Tesla - Fremont, CA
posted 2 months ago
Tesla's Platform Engineering is seeking a Site Reliability Engineer to join our dynamic team. In this role, you will be responsible for building and maintaining Kubernetes clusters using infrastructure-as-code tools such as Ansible, Terraform, ArgoCD, and Helm. Your primary focus will be to support application teams in successfully deploying their applications on our platform. The infrastructure you will work with includes a combination of on-premise virtual machines, bare metal hosts, and public cloud services like AWS, which presents unique challenges and opportunities to engage with various infrastructure technologies. As a Site Reliability Engineer, you will be expected to have expert knowledge in Linux fundamentals, architecture, and performance tuning, along with strong software development skills. Experience in running Kubernetes in a production environment is highly desirable, and proficiency in programming languages such as Golang or Python will be essential for automating tasks and building necessary tools. You will be part of a team that manages production-critical workloads across all aspects of Tesla's business, setting standards for other engineering teams and solving some of the most challenging problems in the industry. Your role will involve hands-on collaboration with developers to deploy applications, building new features to enhance platform stability and updates, and managing Kubernetes clusters both on-premise and in the cloud to accommodate our growing workloads.

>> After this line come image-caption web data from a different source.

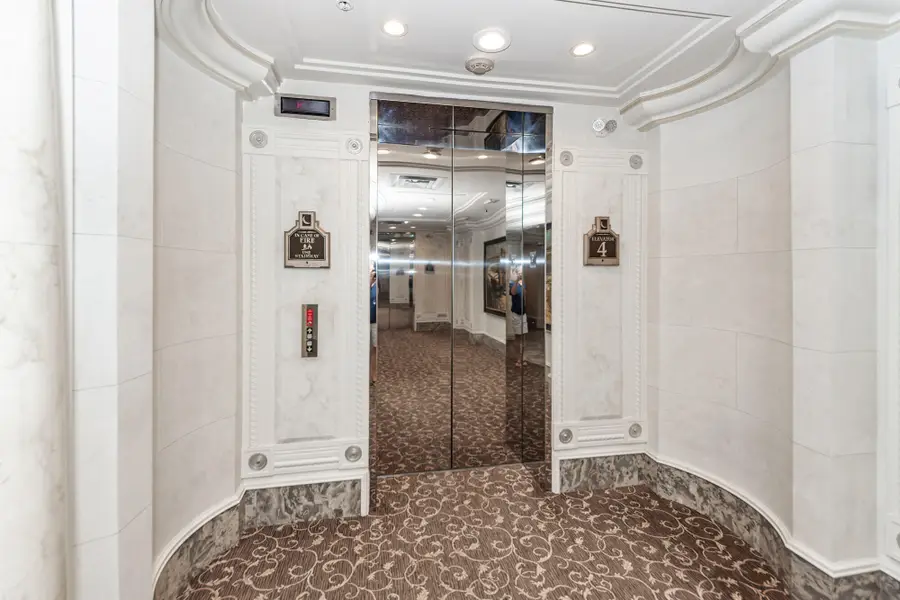 283 S Plaza Court #8, Mount Pleasant, SC 29464 - #2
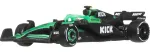 Hot Wheels-JMM92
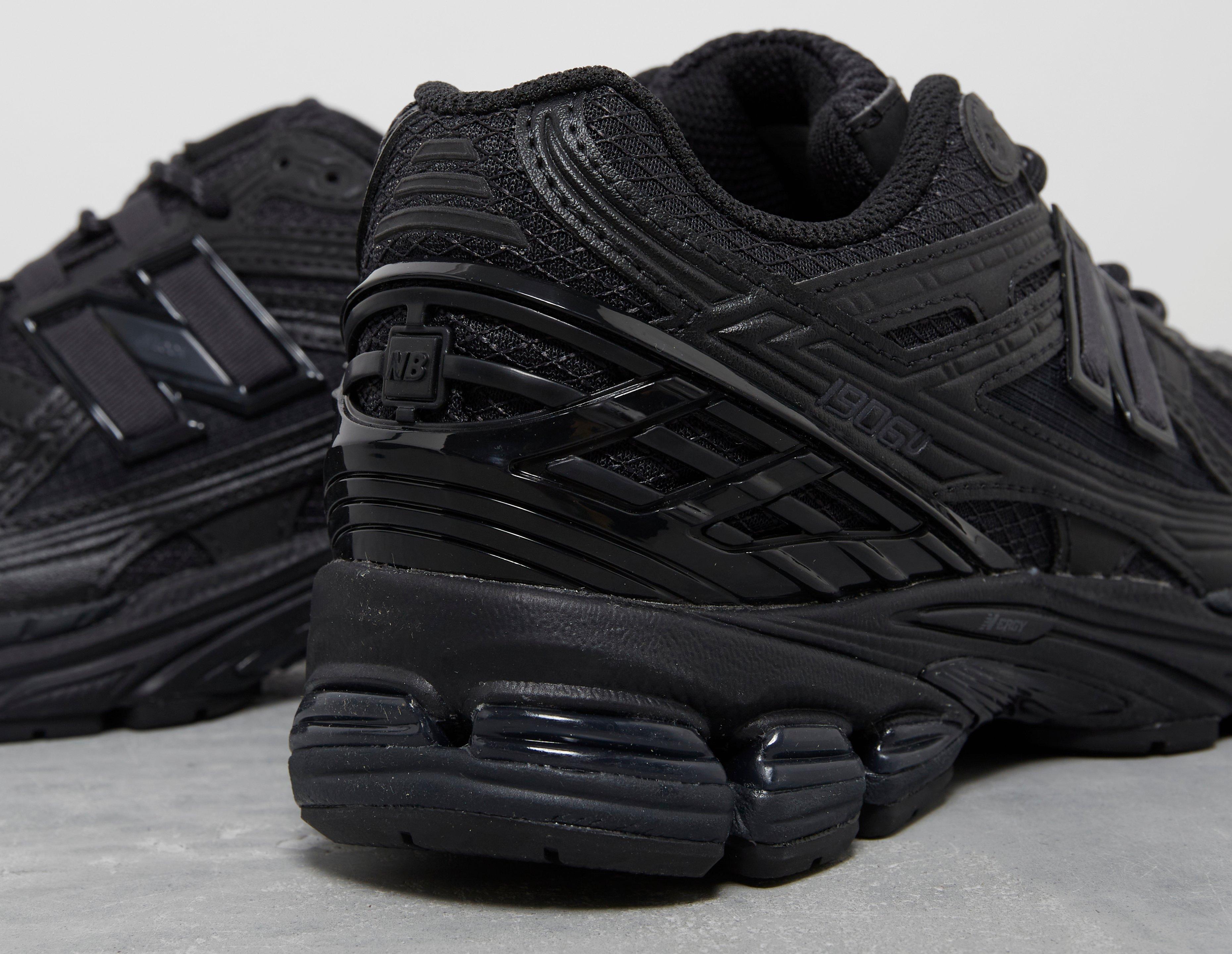 New balance 510 v3 black hotsell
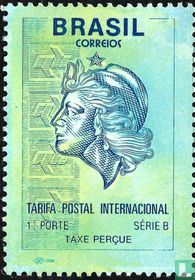 Image of the Republic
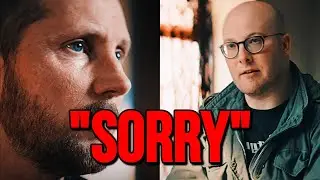 INFINITY WARD RESPONDS TO COMMUNITY BACKLASH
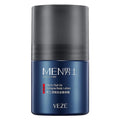 Portable Body Deodorant For Men Smooth Solid Stick Light and Fresh Scent  Men's Solid Perfume 72 Hour Odor Control for Sports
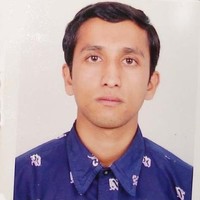 Uttam Aryal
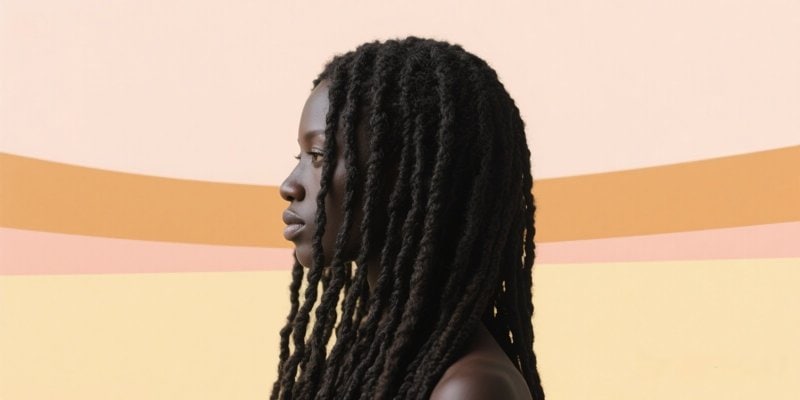 Soft Locs vs. Faux Locs: What’s the Real Difference?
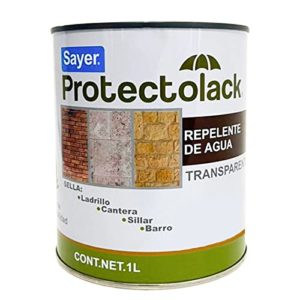 Mejor Precio A Sellador Para Pilas De Agua De La Categoria De Ferreteria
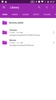 Video Player All Format screenshot 7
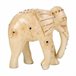 Figura Decorativa Blanco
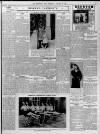 Birmingham Daily Post Wednesday 11 January 1933 Page 13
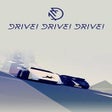 程序图标：DriveDriveDrive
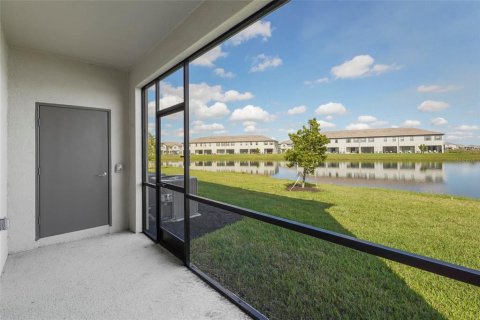 Adosado en venta en Bradenton, Florida, 3 dormitorios, 175.31 m2 № 1631382 - foto 10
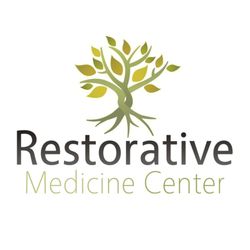 Restorative Medicine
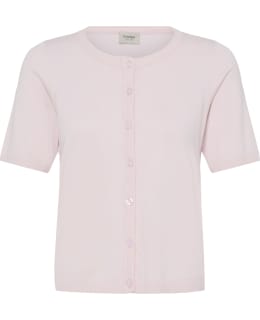 FRANSA 20617871-141905-M FRMARY CAR 5 Main Image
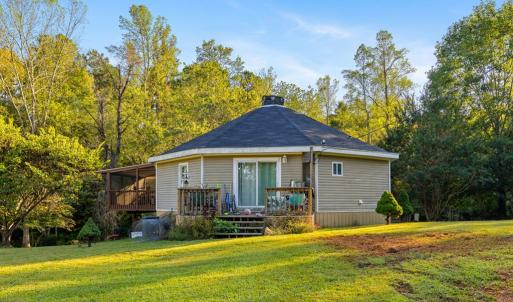 Photo #9 of 2533 Beech Forest Road, Kenbridge, VA 44.0 acres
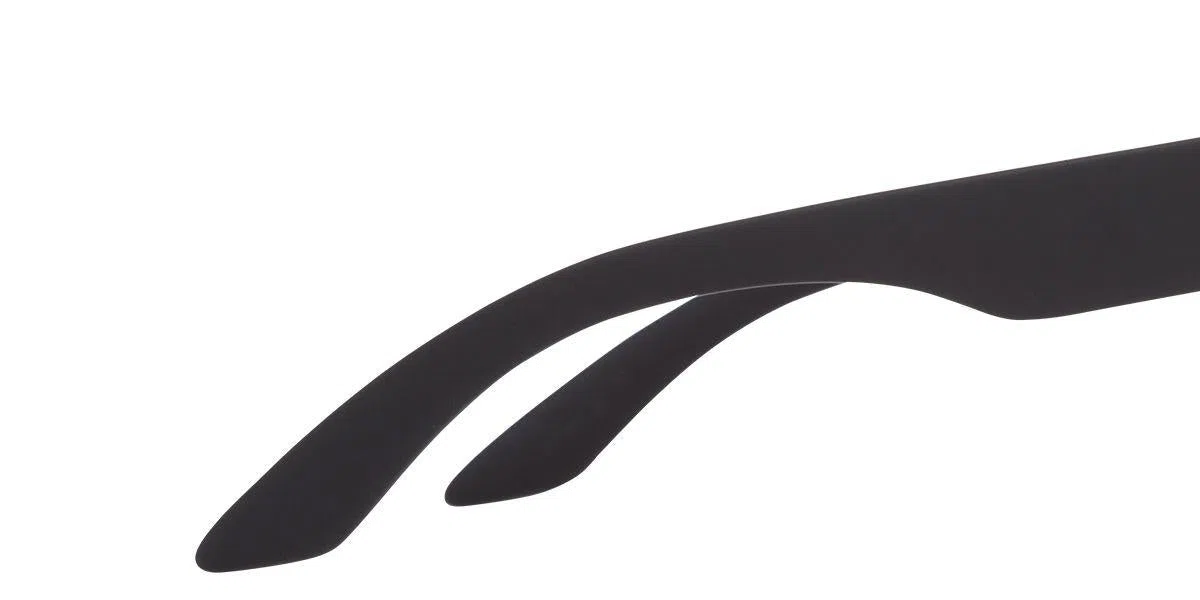 SpyOptic Discord 673119 Sunglasses - view 64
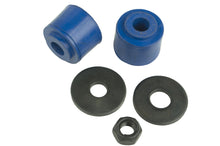 Load image into Gallery viewer, GK80017 Suspension Stabilizer Bar Link Kit Mevotech Original Grade Canada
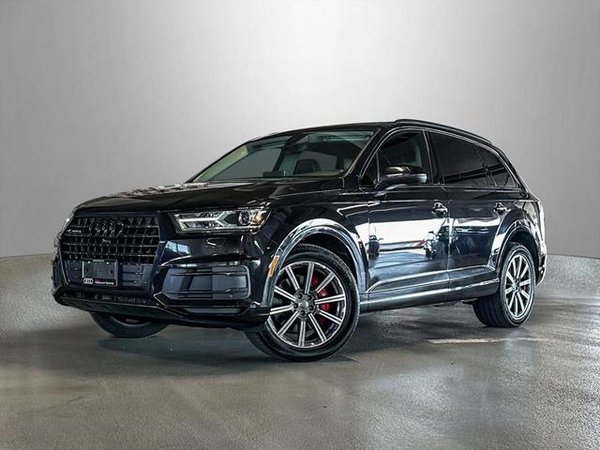 Q7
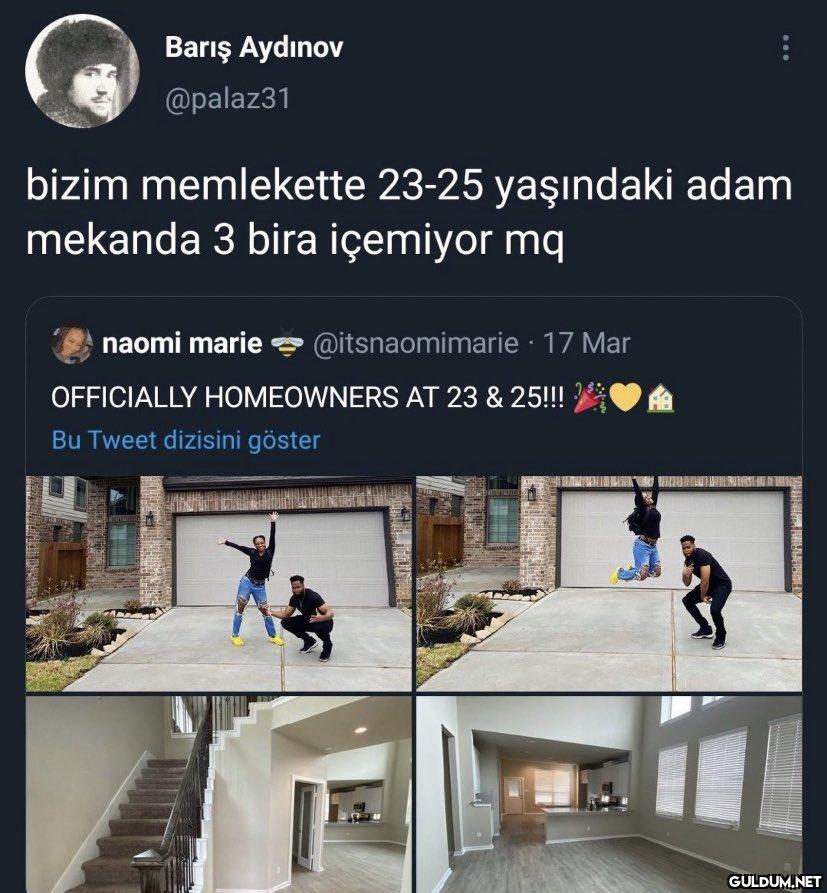 Barış Aydınov @palaz31 ......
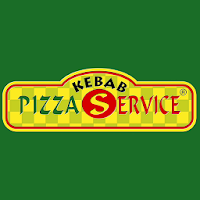 Pizza Service Mankkaa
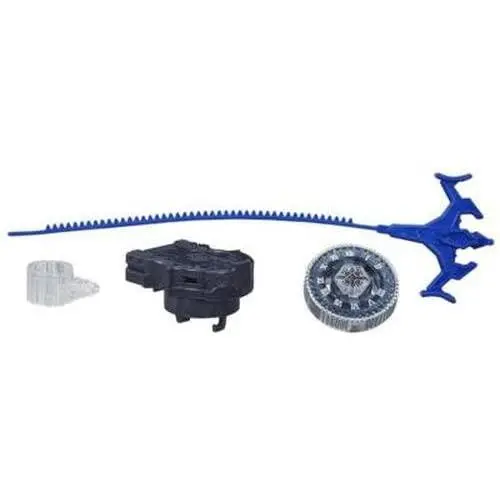 BEYBLADE Legends BB-104 Twisted Tempo 145WD Top BEYBLADE Legends BB-104 Twisted Tempo 145WD Top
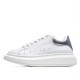 Alexander McQueen sole sneakers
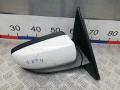 зеркало правое BMW X5 E70 [рестайлинг] 2010, 3.0 л., дизель, АКПП, внедорожник 5 дв. - фото №2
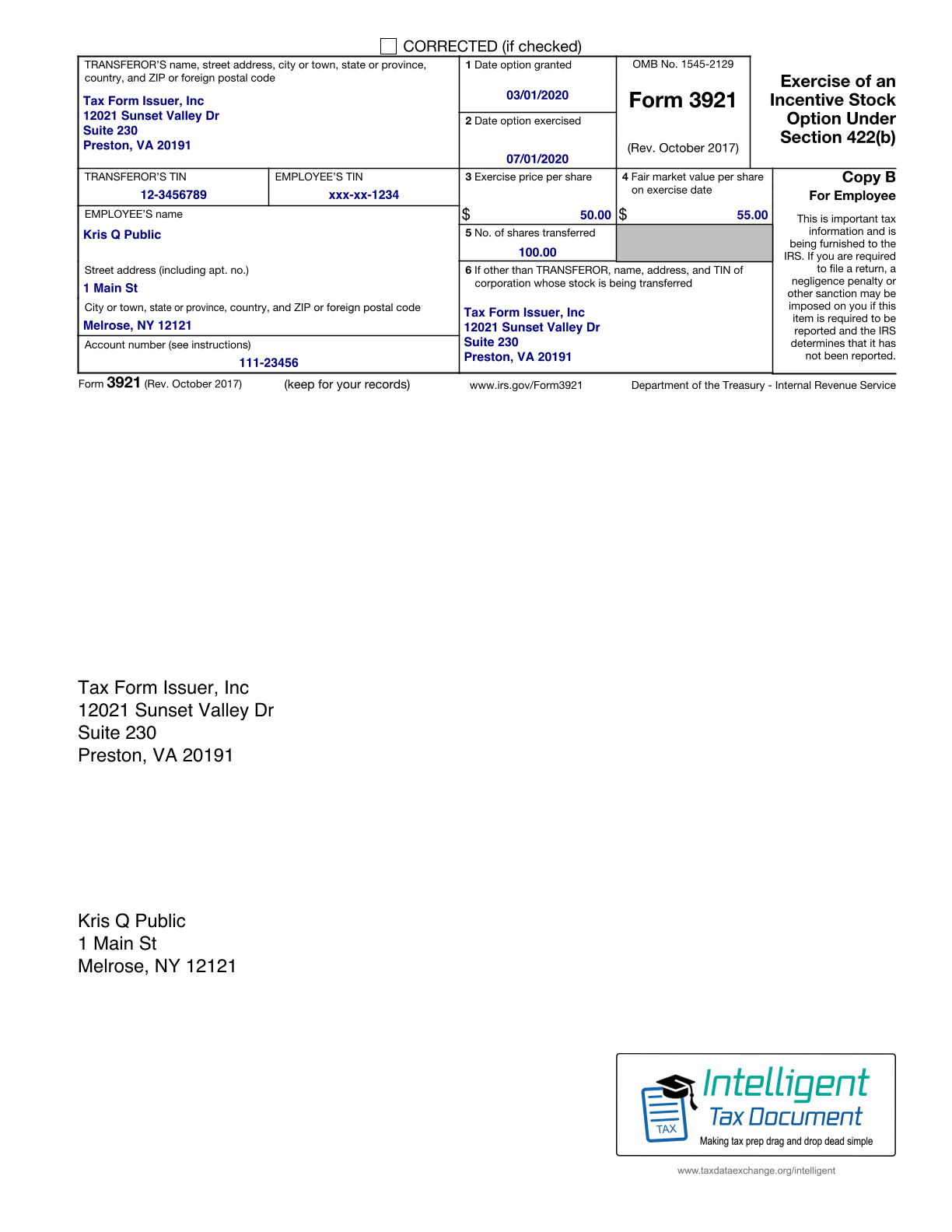 /img/forms/Tax3921/2022/v5.0/Tax3921.RecipCopy.png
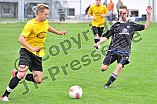02.09.2012 - ST Kraiberg / SV Denkendorf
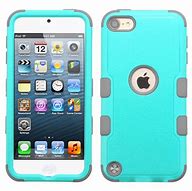 Image result for Apple iPod Touch Case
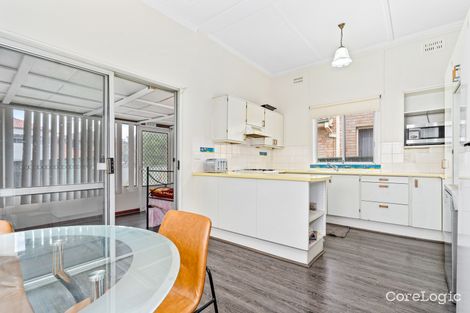 Property photo of 55 Yillowra Street Auburn NSW 2144
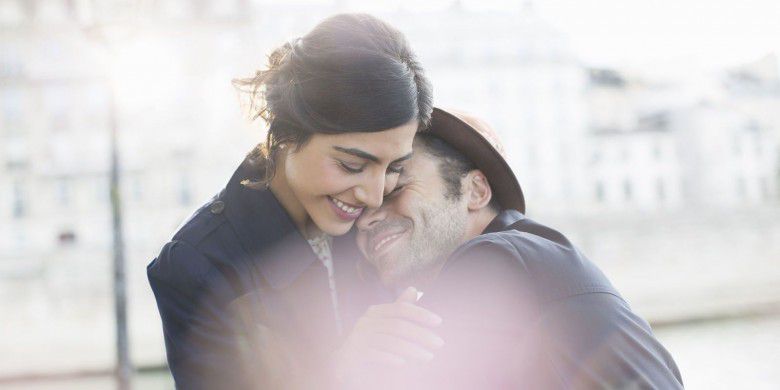 4. Ya karena daya tarik seksualnya juga gengs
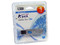 Unidad Flash USB 2.0 MyFlash Classic de 1GB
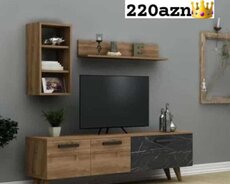 Tv altiii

You will participate in the architecture design process and troubleshoot live applications in collaboration with product teams. Additionally, you will be part of a 24x7 on-call rotation, influencing architectural decisions with a focus on security, scalability, and high performance. You will also be responsible for setting up and maintaining monitoring, metrics, and reporting systems to ensure fine-grained observability and actionable alerting, as well as authoring technical documentation for workflows, processes, and best practices.